Ice Wagon
The ice wagon was a horse and a box and three hundred pounds of frozen water. The horse knew the route. The driver knew the floors. The ice came from the Hudson River in winter and they stored it in sawdust in warehouses and in July they delivered it to your apartment in blocks that were already melting. The ice wagon was the refrigerator before the refrigerator. The ice wagon was a delivery service that ran on hay and iron tongs.
The ice man carried the block on his shoulder with tongs that bit into the ice like teeth. He carried it up the stairs and he put it in your ice box and the ice box was a wooden cabinet with a zinc lining and a drip pan and the ice sat on top and the cold fell down and the food sat below and stayed cold until the ice melted. The ice man came twice a week. Monday and Thursday. If the ice melted before Thursday the milk went sour and the meat went bad and you ate what you had because the ice man did not come on Wednesdays.
The kids followed the ice wagon the way kids follow the ice cream truck now.

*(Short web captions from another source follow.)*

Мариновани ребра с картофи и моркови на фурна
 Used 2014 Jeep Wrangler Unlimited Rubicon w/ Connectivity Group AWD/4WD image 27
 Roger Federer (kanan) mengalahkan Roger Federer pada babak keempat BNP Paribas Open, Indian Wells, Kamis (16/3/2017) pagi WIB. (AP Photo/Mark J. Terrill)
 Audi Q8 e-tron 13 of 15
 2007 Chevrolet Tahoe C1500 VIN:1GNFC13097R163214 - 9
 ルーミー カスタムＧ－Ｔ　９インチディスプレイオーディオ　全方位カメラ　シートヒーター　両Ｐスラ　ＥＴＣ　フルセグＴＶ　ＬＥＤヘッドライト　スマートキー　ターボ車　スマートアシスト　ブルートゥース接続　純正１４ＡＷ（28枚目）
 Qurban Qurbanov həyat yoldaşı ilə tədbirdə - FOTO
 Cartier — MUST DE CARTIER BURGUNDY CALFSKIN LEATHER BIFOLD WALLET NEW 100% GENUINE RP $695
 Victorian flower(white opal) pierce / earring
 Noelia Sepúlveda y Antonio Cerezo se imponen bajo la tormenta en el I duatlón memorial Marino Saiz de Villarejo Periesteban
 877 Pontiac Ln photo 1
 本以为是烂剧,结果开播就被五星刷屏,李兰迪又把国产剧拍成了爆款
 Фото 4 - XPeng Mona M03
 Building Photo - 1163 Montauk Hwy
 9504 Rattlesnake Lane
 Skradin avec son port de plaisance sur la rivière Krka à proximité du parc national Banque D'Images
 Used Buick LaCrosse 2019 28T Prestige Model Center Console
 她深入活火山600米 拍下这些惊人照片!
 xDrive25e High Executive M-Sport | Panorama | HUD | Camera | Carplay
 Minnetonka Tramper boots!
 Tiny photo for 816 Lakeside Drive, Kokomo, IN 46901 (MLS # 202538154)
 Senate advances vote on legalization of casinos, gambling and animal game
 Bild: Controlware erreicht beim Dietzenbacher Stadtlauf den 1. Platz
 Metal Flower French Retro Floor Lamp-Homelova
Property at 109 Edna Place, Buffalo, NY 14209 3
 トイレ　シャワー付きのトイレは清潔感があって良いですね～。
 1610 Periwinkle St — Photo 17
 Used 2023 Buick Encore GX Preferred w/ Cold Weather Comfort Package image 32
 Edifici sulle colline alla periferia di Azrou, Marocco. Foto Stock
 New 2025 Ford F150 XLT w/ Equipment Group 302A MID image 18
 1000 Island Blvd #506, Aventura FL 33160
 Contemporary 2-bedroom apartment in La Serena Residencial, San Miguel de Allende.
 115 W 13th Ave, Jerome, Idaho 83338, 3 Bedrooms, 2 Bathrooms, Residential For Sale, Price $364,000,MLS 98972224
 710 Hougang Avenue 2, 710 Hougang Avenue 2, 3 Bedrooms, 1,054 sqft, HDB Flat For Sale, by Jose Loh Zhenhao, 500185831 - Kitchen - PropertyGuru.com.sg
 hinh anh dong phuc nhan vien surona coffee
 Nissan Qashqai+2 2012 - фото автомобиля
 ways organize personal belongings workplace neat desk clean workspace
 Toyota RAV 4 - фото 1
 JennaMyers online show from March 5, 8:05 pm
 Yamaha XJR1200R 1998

When the driver chipped a block with his pick the chips fell to the street and the kids grabbed them and sucked on them and the chips tasted like sawdust and river and summer. The ice chip was the popsicle before the popsicle. Free. Cold. Gone in thirty seconds. The best things in the city were always free and temporary.
My grandmother had an ice box on Rivington Street until 1955. She did not trust the refrigerator. She said the ice box keeps food cold because you can see the ice and you know how much cold you have left. The refrigerator hides the cold. You open the door and the cold is there but you do not know why or how much is left. She said the ice box was honest. The refrigerator was a magician. She did not trust magicians.
The last ice wagon in New York ran in the nineteen-fifties. The horse went to a stable and the stable became a parking garage and the parking garage became a condo. The ice business became the refrigerator business and the refrigerator business became the smart refrigerator business and the smart refrigerator tells you when you are out of milk. The ice man knew you were out of milk because he saw the empty bottle on the landing. The ice man did not need wifi. The ice man needed a horse and a pair of tongs and the memory of which floor you lived on.